**Given data**

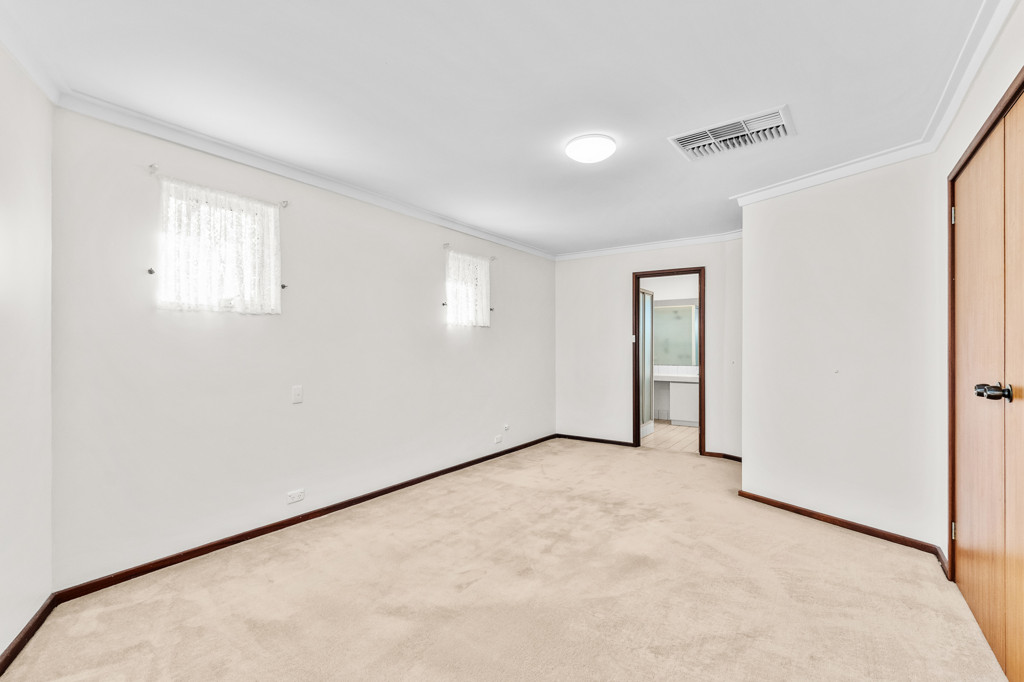 4x2 House for  at COMO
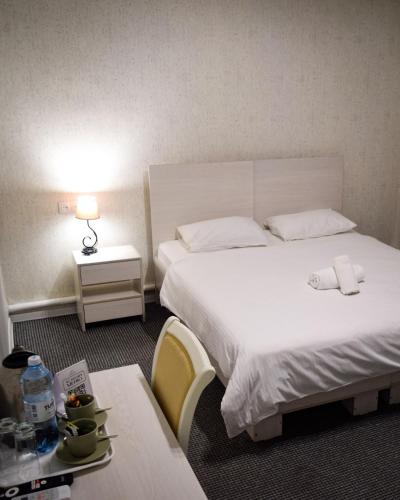 卡拉甘达Hotel "CONTINENT" halal的酒店客房设有两张床和一张桌子。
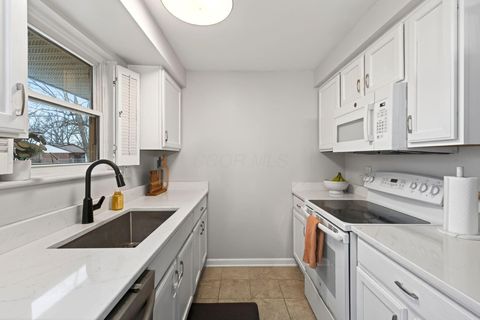 Tiny photo for 6949 Shellcross Drive, Dayton, OH 45424 (MLS # 226000843)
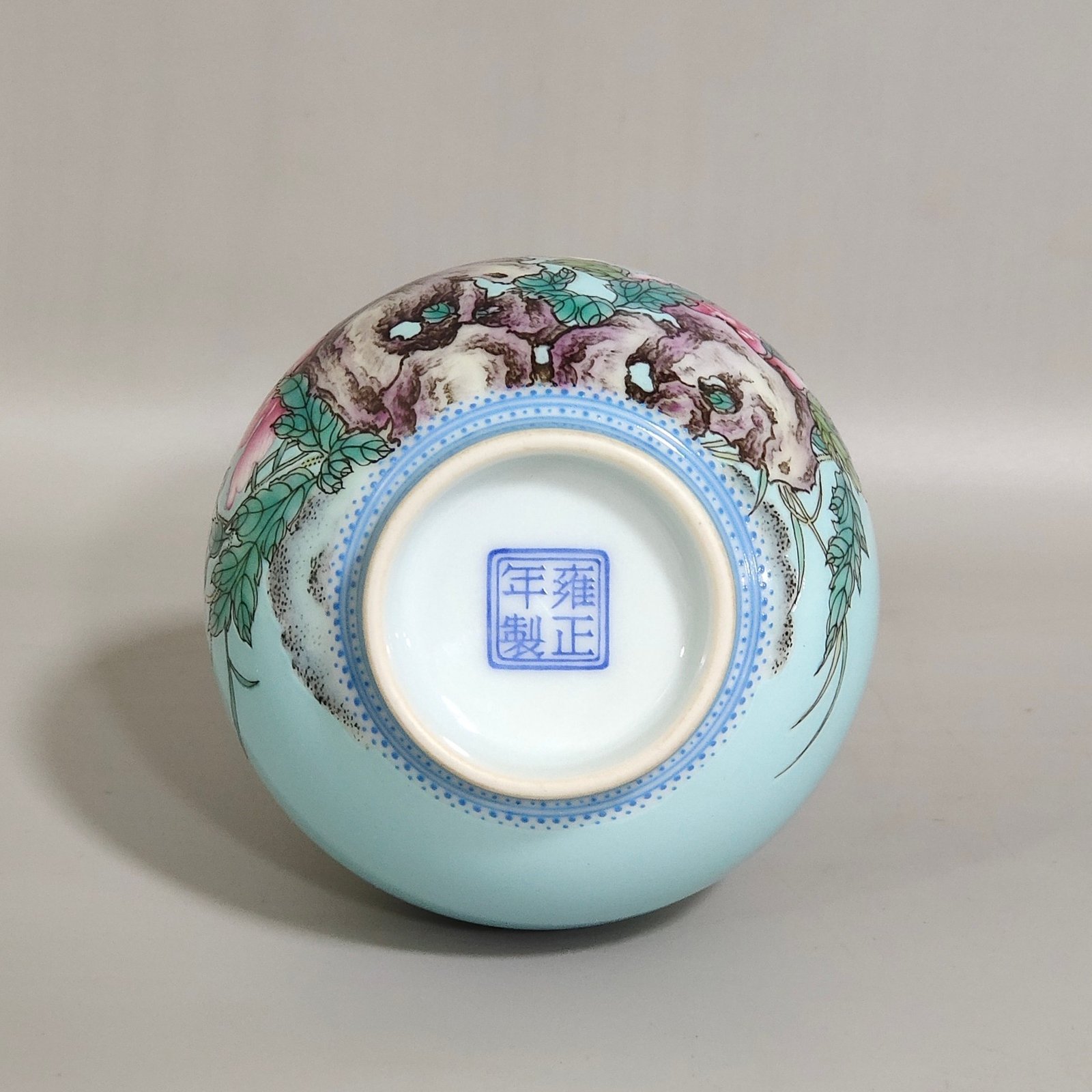 Qing Dynasty Yongzheng turquoise green border poppy poem vase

**What you will do**
Wherever an image appears in the data, omit it and repeat everything else exactly.

**Expected answer**
 4x2 House for  at COMO
 卡拉甘达Hotel "CONTINENT" halal的酒店客房设有两张床和一张桌子。
 Tiny photo for 6949 Shellcross Drive, Dayton, OH 45424 (MLS # 226000843)
 Qing Dynasty Yongzheng turquoise green border poppy poem vase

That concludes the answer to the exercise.